Example. Someone rents an apartment to live in. Standard lease term is the landlord has the right to come in to make repairs and inspect for safety issues, or to show the apartment to prospective tenants or building purchasers. Some state laws do regulate such access, but AFAIK all permit access in some situations.
Does that mean the tenant has no 4th Amendment rights? Can the landlord consent to a warrantless search by the police? I think the answer is, generally, no. Because the tenant still has an expectation of privacy.
While it's simple to demand a license to copyrighted work via terms of service, transfer of ownership requires a written, signed agreement, and can interact with the UCC and state laws. The value of the work can affect the rules.

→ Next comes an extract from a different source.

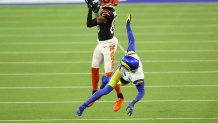 Tee Higgins #85 of the Cincinnati Bengals catches the ball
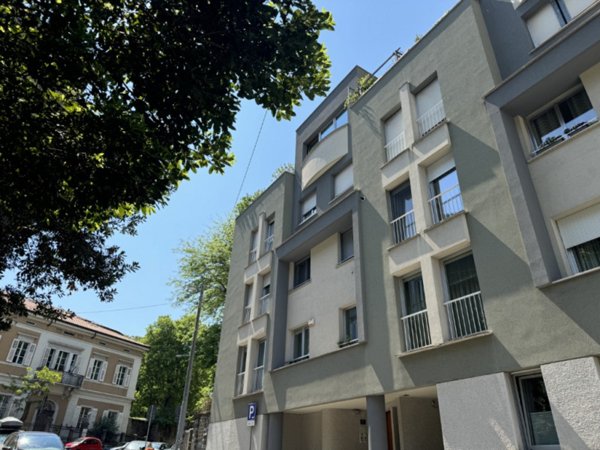 appartamento in affitto a Trieste in zona San Vito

Oof, if I were an online messaging vendor, the very LAST thing I would want to do would be to proactively scan my users for content that might be “of interest” to the government.
Fast way to throw your business right out the virtual window!

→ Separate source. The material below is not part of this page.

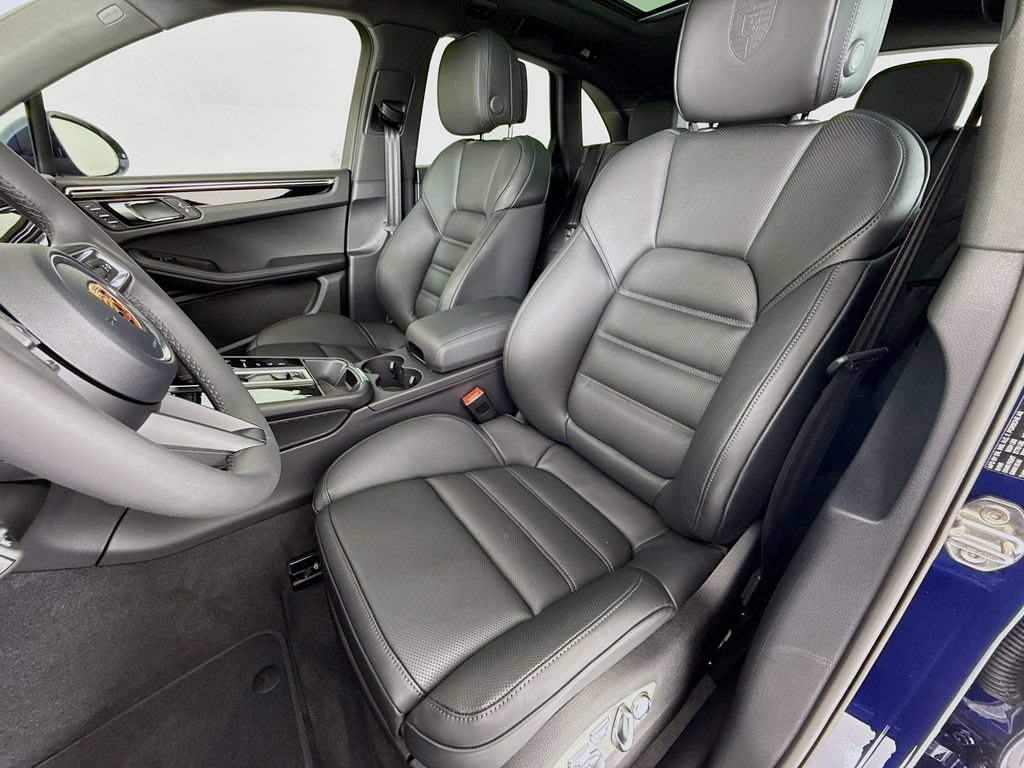 New 2026 Porsche Macan AWD/4WD image 5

Much as I love to watch the legal mind at work, sometimes I really wonder about youse guys. We’ve too many legal Jedi masters butting into everybody’s business. Time to restore the balance in the Force and bring in more “politically ignorant” brilliant business minds to remind everyone that not every problem must be solved with a lawsuit.
How about if you're an online messaging vendor who's so large that you really want the government to have a motive to refrain from anti-trust charges against you?

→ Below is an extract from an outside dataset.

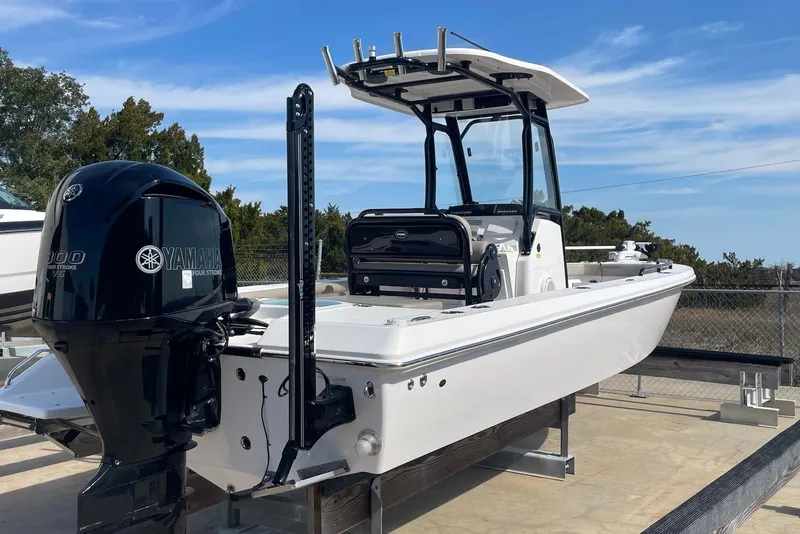Slide: The Image of 2019 Everglades 243 Center Console boat with Yamaha engine on display. - 4
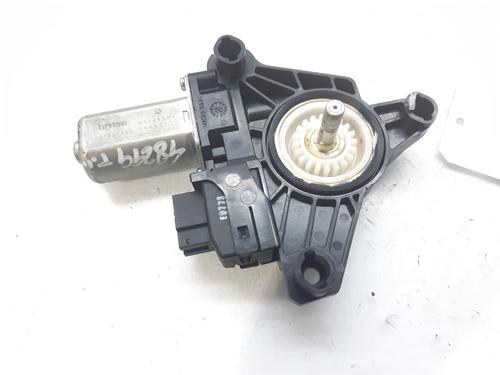 Used Left rear window motor MERCEDES-BENZ A-CLASS (W176) A 180 CDI / d (176.012) (109 hp) 10338009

If I do not have biometric identification turned on for my smartphone, can I be compelled to give my passcode to a police officer in absence of a warrant? I have been under the assumption that no, I cannot be compelled to provide my passcode, absent a warrant. Is that still a correct understanding?
Prof. Kerr argues that a court should reject the claim of privilege when the government has independent knowledge that the person knows the password.
Entering a password that unlocks a device has a testimonial component: it testifies that the person knows the password that unlocks the device.
But the foregone conclusion doctrine applies when the government has independent knowledge of that fact. This standard allows the government to compel a suspect to enter a password in many but not all cases.
https://texaslawreview.org/wp-content/uploads/2019/03/Kerr.V97.4.pdf
I don’t particularly agree with Prof. Kerr but at the same time, I’m not sure I could muster a better legal argument.
While at the same time, I agree that it’s constitutional for law enforcement to gather fingerprints and swabs for identification purposes.
Those are not evidence – the fingerprint or DNA at the crime scene is.